Source data:
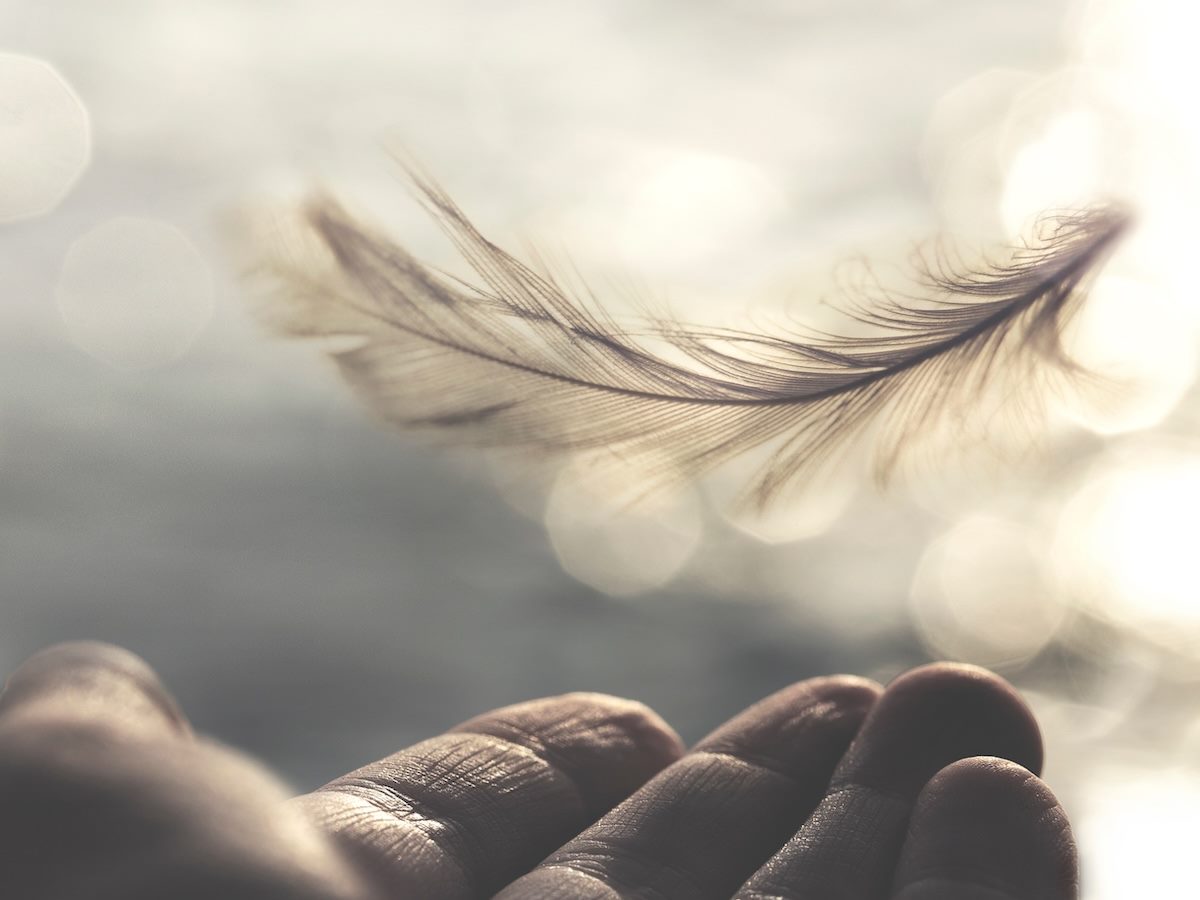 feather floating down to an upturned palm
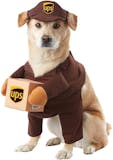 10 Best Dog Halloween Costumes in 2022 (Rubie's, Animal Planet, and More) 2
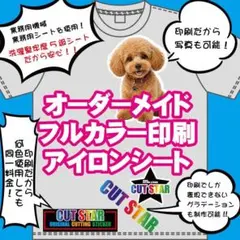 フルカラー印刷　アイロンプリントシート　オーダー　制作　ポリエステル　綿　１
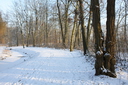 Gevonden beeld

What to do:
All of the material above needs to be restated exactly, with no pictures.

Response to the exercise:
 feather floating down to an upturned palm
 10 Best Dog Halloween Costumes in 2022 (Rubie's, Animal Planet, and More) 2
 フルカラー印刷　アイロンプリントシート　オーダー　制作　ポリエステル　綿　１
 Gevonden beeld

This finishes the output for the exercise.